__Problem to solve__:
For the material below, return exactly the lines starting at the line containing "La pesadilla durará" and ending at the line containing "#SomosFaMilia", both ends included, and no others.

__Record excerpts__:
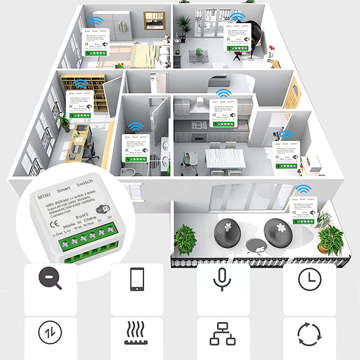 Inteligentny przełącznik WiFi Alogy mini dopuszkowy włącznik Tuya Smart Life 16A inteligentny dom biały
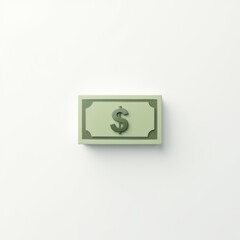 A minimalist design of a single dollar bill, centered against a plain white background. Simple and clean design with soft shadows adding depth to the image.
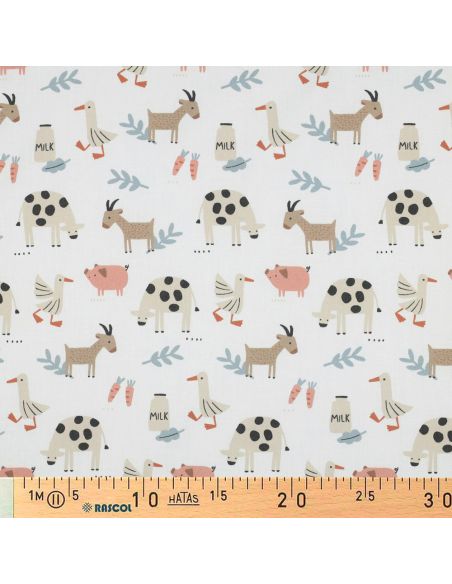 Tissu popeline de coton à la ferme - Animaux fond blanc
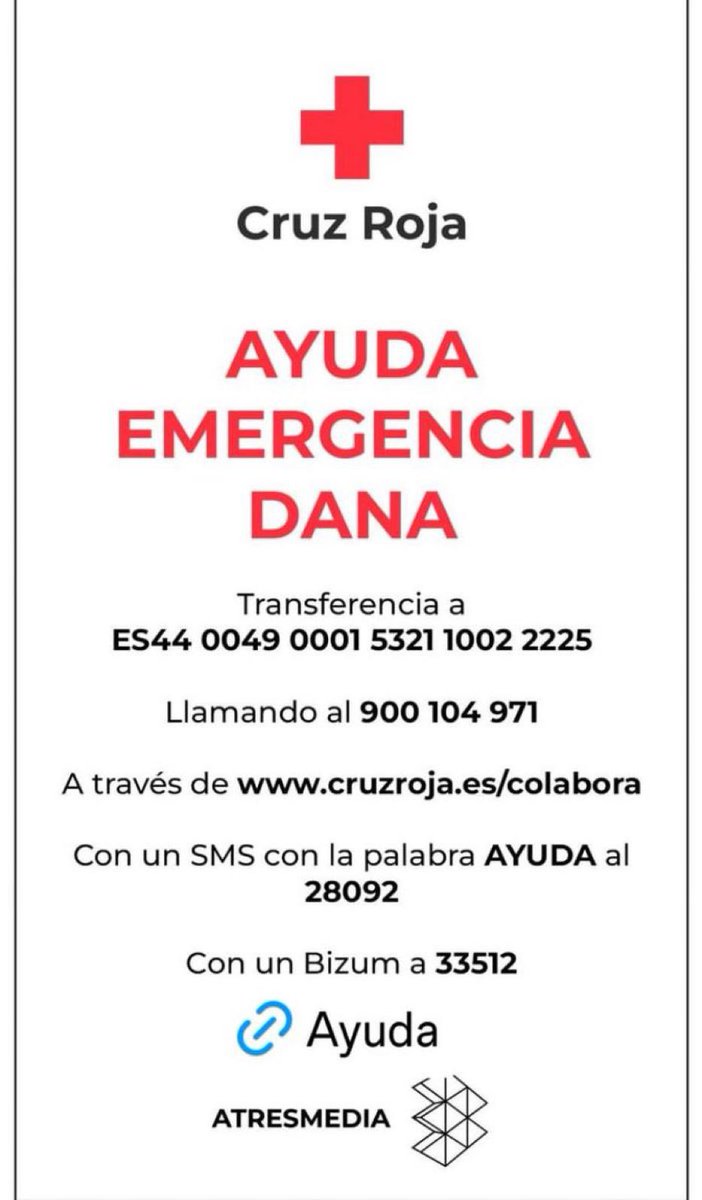 Más de 100 fallecidos a consecuencia de los efectos devastadores de la #Dana del siglo😔
La pesadilla durará mucho tiempo, con consecuencias terribles para tantas y tantas familias🫂
Ayudemos, por favor🙏🏼 
<a href="/AlejandroSanz/">Alejandro Sanz</a> 
<a href="/CruzRojaEsp/">Cruz Roja Española</a> 
#SomosFaMilia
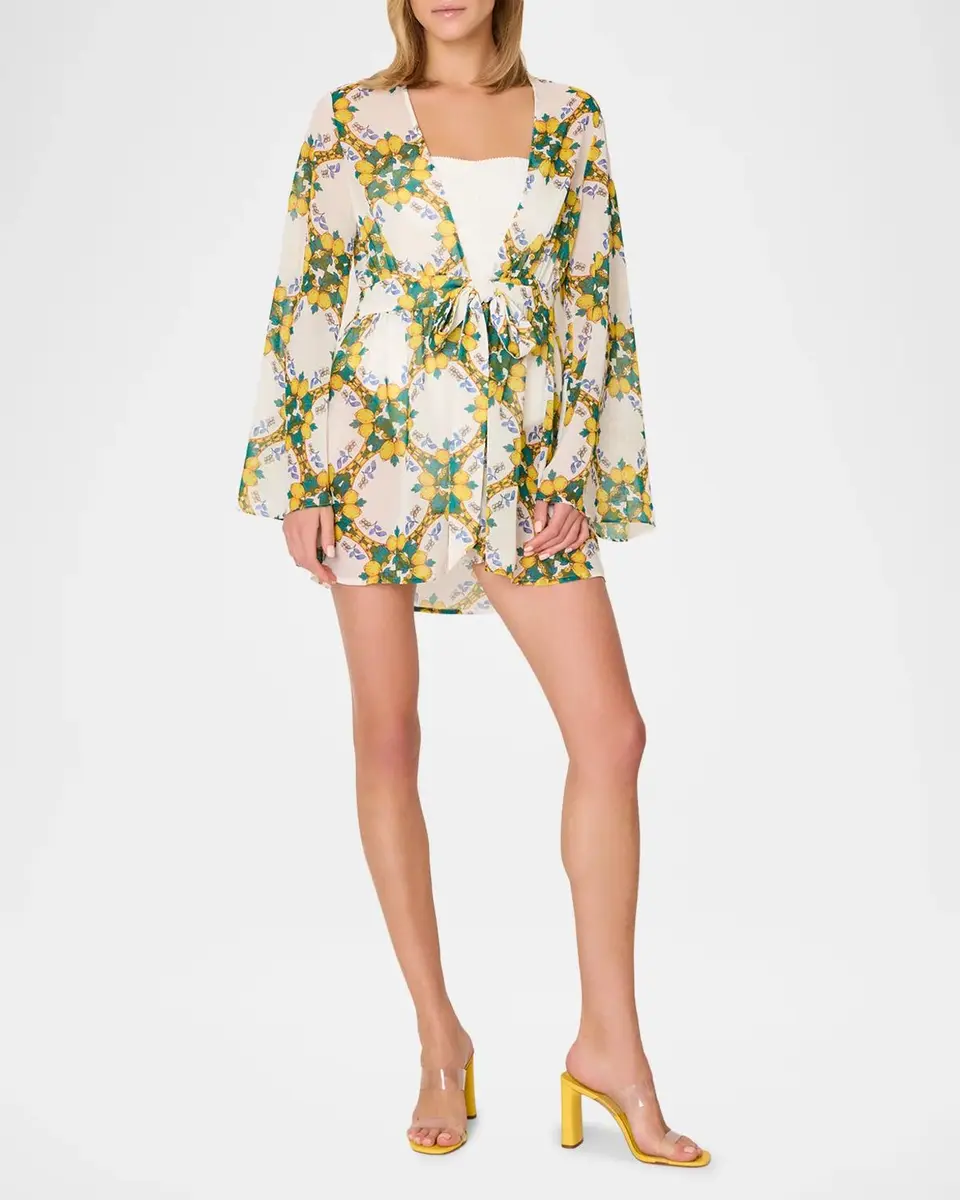 Milly Jessie Lemon Tile Mini Coverup | Thumbnail 2 Milly Jessie Lemon Tile Mini Coverup | Thumbnail 2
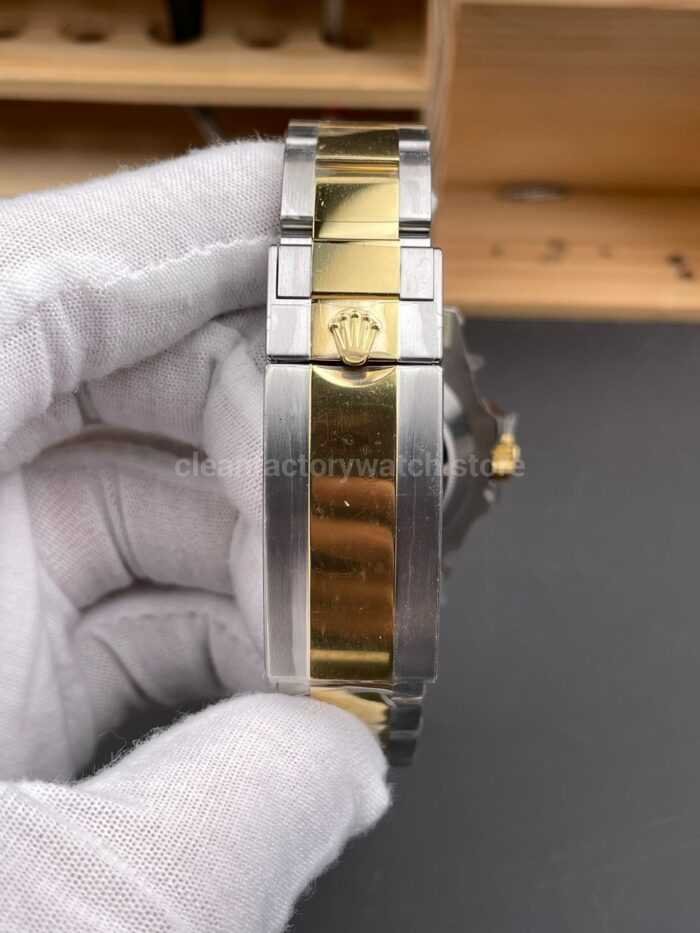 RC Factory Counterweight Rolex Submariner Date 116613LB 40mm Half Gold Blue Dial - Image 8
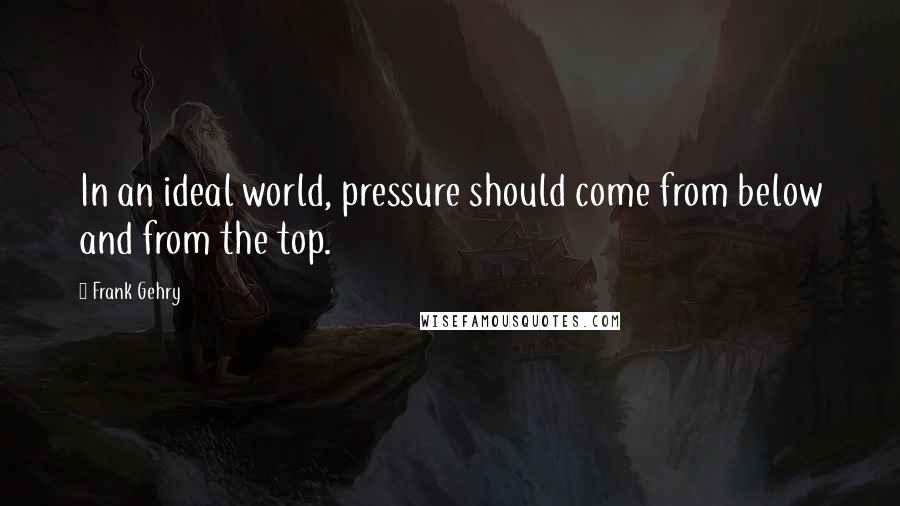 Frank Gehry Quotes: In an ideal world, pressure should come from below and from the top.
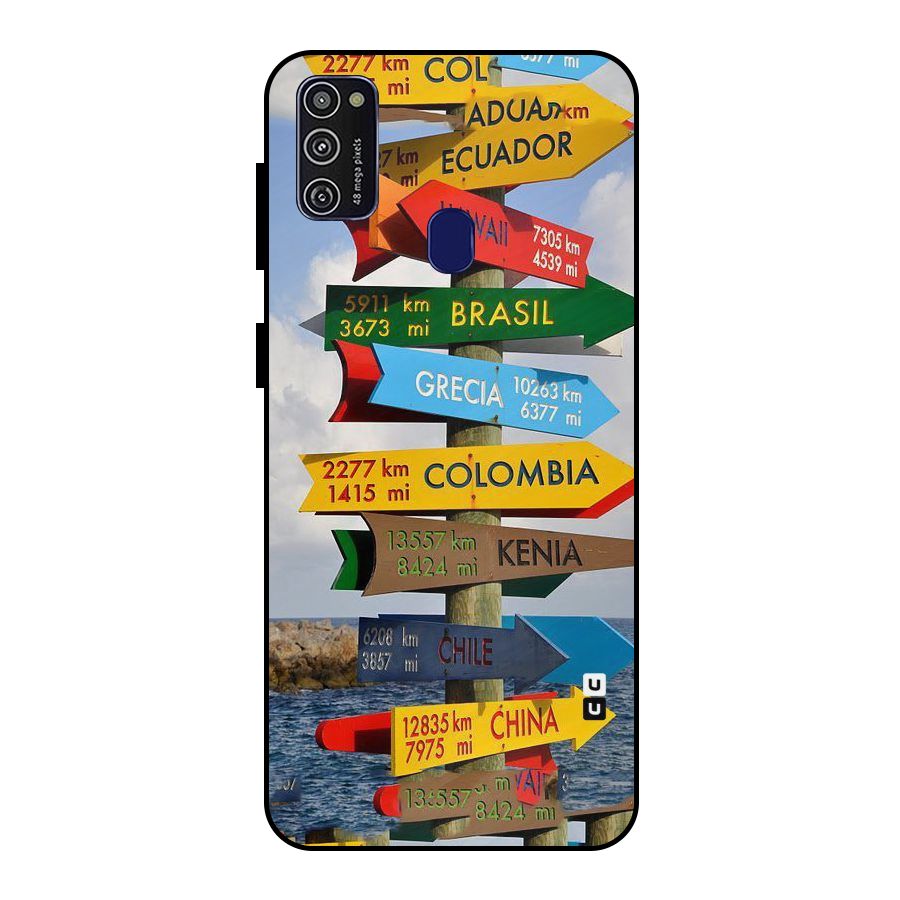Travel Directions Metal Back Case for Galaxy M21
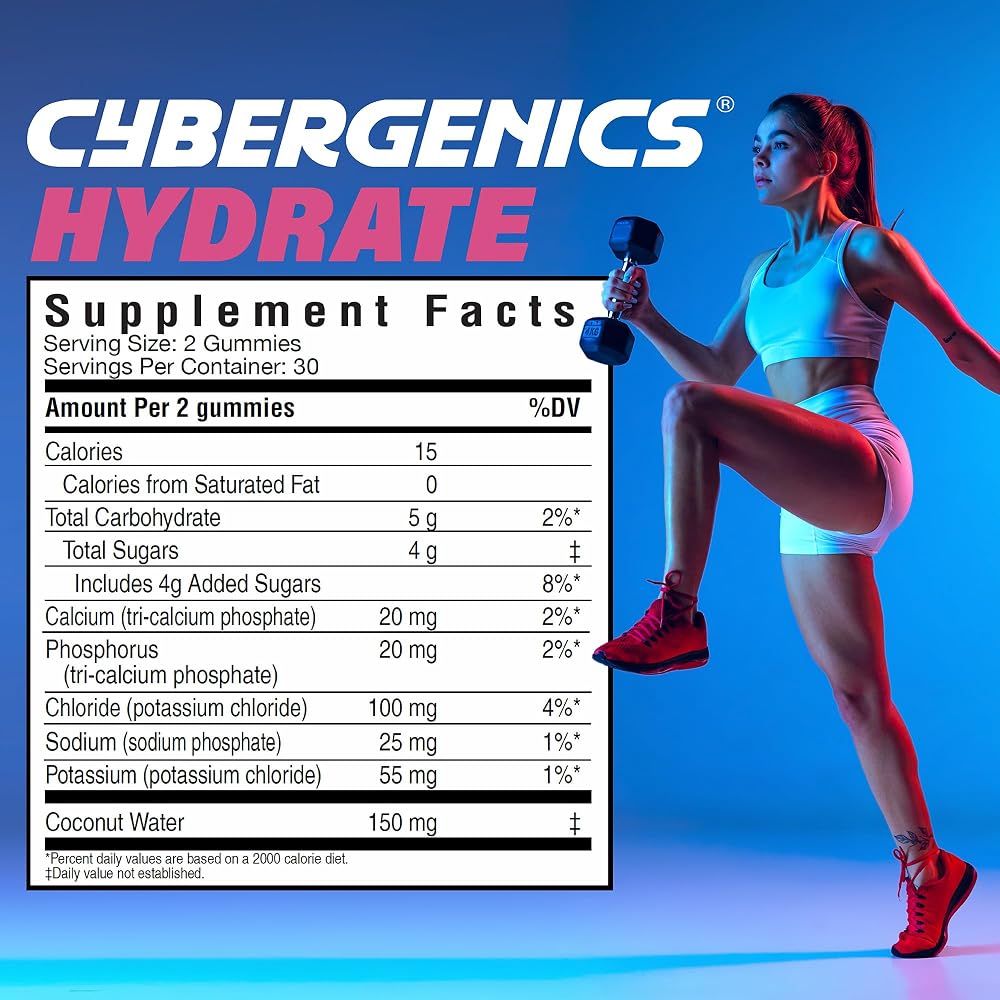 Cybergenics Hydrate Gummies with Electrolytes - 60 Gummies - image 3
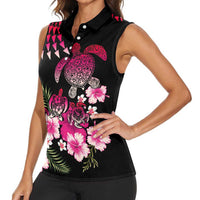 Hawaiian Hibiscus Turtle and Tropical Flower Women Sleeveless Polo Shirt Sweet Vibe LT03 - Polynesian Pride
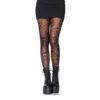 Paire De Collants Résilles Motifs Tête De Mort -Boutique De Carnaval D'Halloween Paire de collants resilles motifs tete de mort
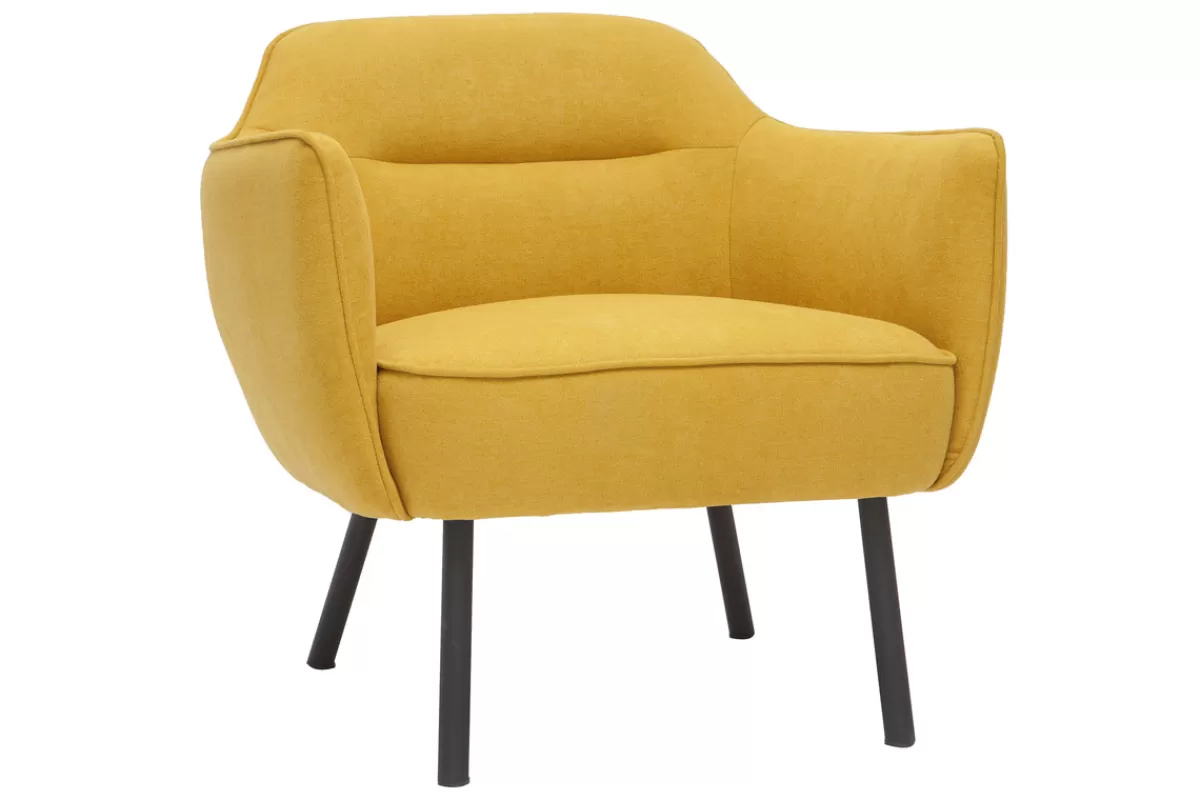 Miliboo Sillones | Sillón-Sillón en tejido efecto terciopelo amarillo mostaza LAURENS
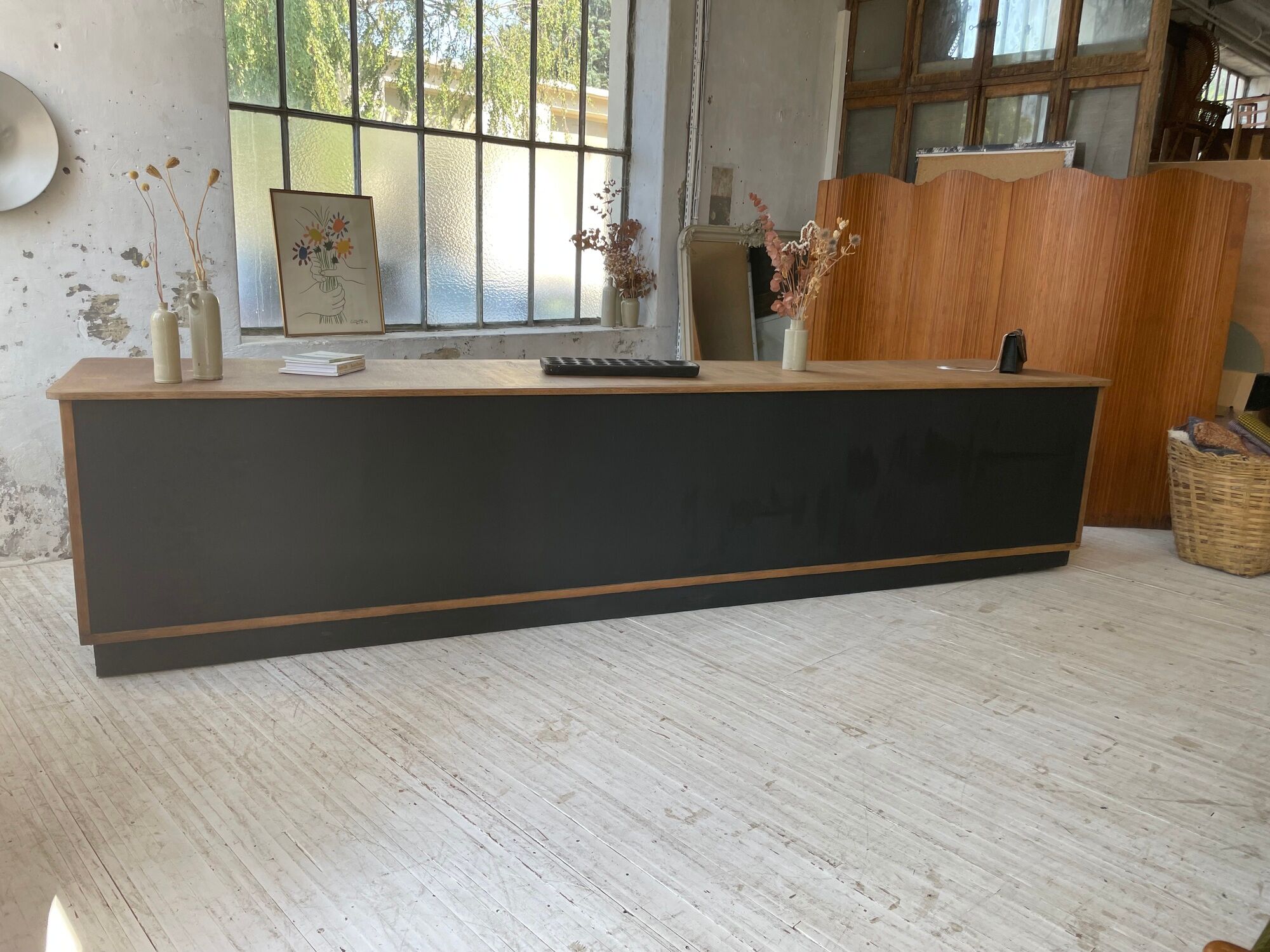 Two-sided counter sliding doors oak XXL 4m enfilade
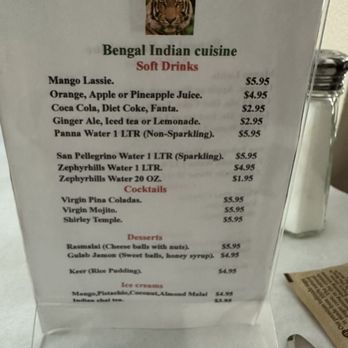 Bengal Indian Cuisine - Drink menu - Indian Near Me - Miami, Florida Bengal Indian Cuisine - Drink menu - Indian Near Me - Miami, Florida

__Task response__:
La pesadilla durará mucho tiempo, con consecuencias terribles para tantas y tantas familias🫂
Ayudemos, por favor🙏🏼 
<a href="/AlejandroSanz/">Alejandro Sanz</a> 
<a href="/CruzRojaEsp/">Cruz Roja Española</a> 
#SomosFaMilia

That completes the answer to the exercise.